Gibson Guitar Raid-Right or Wrong?
As I looked into this raid and the Lacey act I observed a law designed to protect rare and endangered species.
Gibson bought rare woods for fingerboards. They bought them in an unfinished state. According to US authorities this is illegal.
However, we must note the wood can be bought finished, or in other words with local Indian labor applied. This tells me this has nothing to do with the environment. It has to do with protecting a foreign labor interest, or perhaps the interests of Gibson competitors who buy the wood finished at a higher cost. The fix here would be allow the wood to be bought by anyone unfinished. I note that Gibson maintains it has letters of approval as required from the Indian government.
The government IMO has an obligation to make this clear. I just do not see the justice of using environmental laws to protect trade or labor interests.
I can see where this might be an example of intrusive government damaging an employers interests.

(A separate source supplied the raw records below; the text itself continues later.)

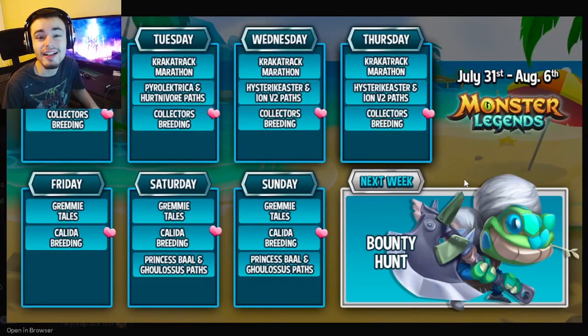Hey guys, it's the Solo Clothian. Today in this Monster Legends weekly video, we have all the leaked events, and this week is also the main event for next week, so let's get right into it.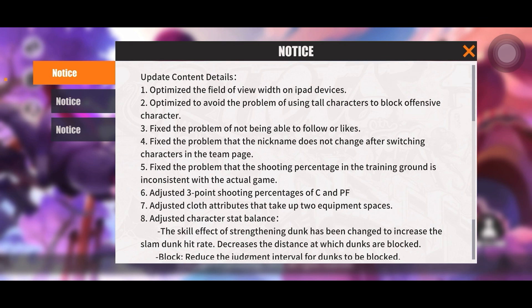Number one: optimize the field of view on iPad devices. I play on a phone so I'm not really sure how much that's going to help me, but you iPad players rejoice because they just fixed the field of view for you.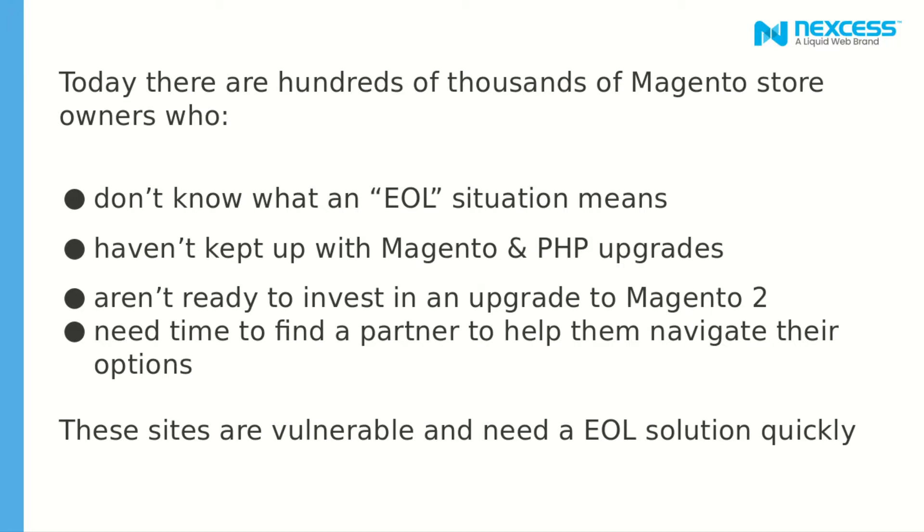Today there are hundreds of thousands of Magento store owners who don't know what the end of life situation means. When this all started, Magento One was basically used for really small stores, maybe selling between 10 and 1,000 SKUs at max. These store owners are not technical people — they are just regular people trying to sell online. So they don't really know what this new end of life situation means, and that's why we created this product.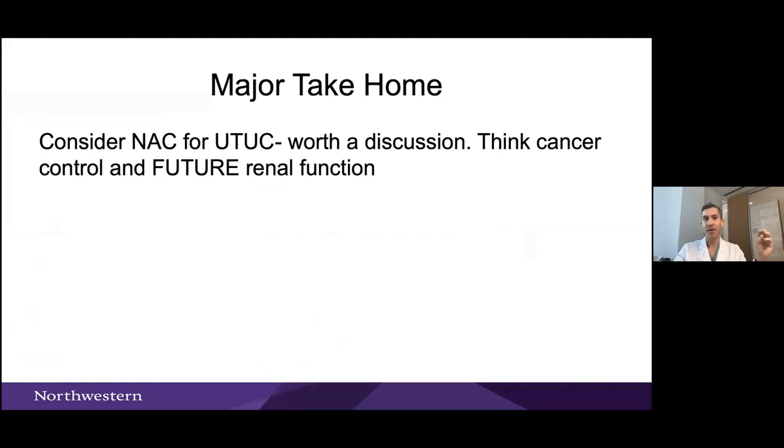I discuss neoadjuvant chemotherapy with essentially anyone who has high-grade upper tract cancer. The conversation is: there's data this may be helpful, we don't know what your kidney function will be like after surgery, would you consider chemotherapy ahead of time? Some say no and we go straight to surgery; some are interested. Connecting them with a medical oncologist makes a lot of sense — and even if they don't get neoadjuvant chemo, that relationship is informative for potential adjuvant therapy later or for trial involvement.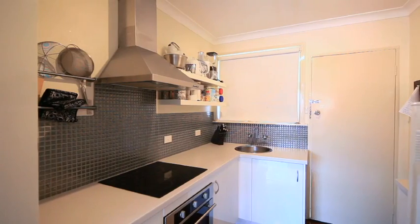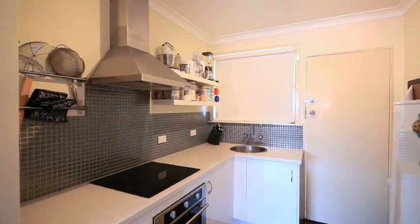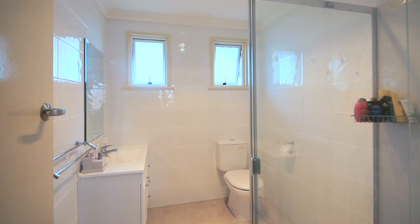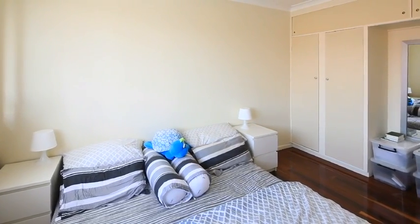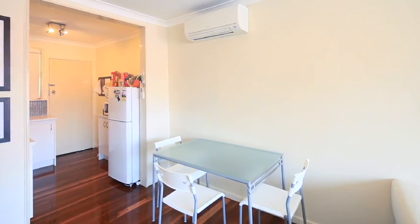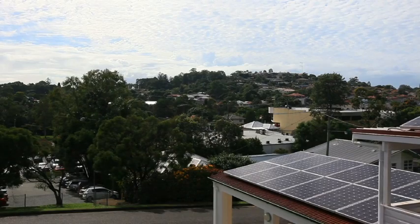Impress your guests with this modern style kitchen — literally good enough for a chef. The combined shower and toilet were recently updated to reflect a modern design. This wonderful unit boasts two good-sized bedrooms and features polished hardwood floors throughout.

In the hottest part of an August Tennessee day last Thursday, Gibson Guitar CEO Henry Juszkiewicz stood out in the full sun for 30 minutes and vented to the press about the events of the day before.
“We had a raid,” he said, “with federal marshals that were armed, that came in, evacuated our factory, shut down production, sent our employees home and confiscated wood.”
The raids at two Nashville facilities and one in Memphis recalled a similar raid in Nashville in November 2009, when agents seized a shipment of ebony from Madagascar. They were enforcing the Lacey Act, a century-old endangered species law that was amended in 2008 to include plants as well as animals. But Juszkiewicz says the government won’t tell him exactly how — or if — his company has violated that law.
“We’re in this really incredible situation. We have been implicated in wrongdoing and we haven’t been charged with anything,” he says. “Our business has been injured to millions of dollars. And we don’t even have a court we can go to and say, ‘Look, here’s our position.’”
About the prosecution-
Associated Press
And finally from CNN Money
However, Juszkiewicz insists the wood is legal under Indian law because it’s a finished product — a fingerboard that gets attached to the neck of the guitar. He said he has letters from the Indian government to prove it.
Feds: Gibson wood seizure linked to criminal probe
By ERIK SCHELZIG , 10.06.11, 05:38 AM EDT
NASHVILLE, Tenn. — Federal prosecutors confirmed there’s a criminal investigation under way related to the recent raid on Gibson Guitar in a filing that asked a judge to delay efforts by the company to reclaim wood that was seized.
U.S. Attorney Jerry Martin on Wednesday declined to provide more details to The Associated Press. Specifics of the investigation by the Environmental Crimes Section of the Justice Department have been filed under seal.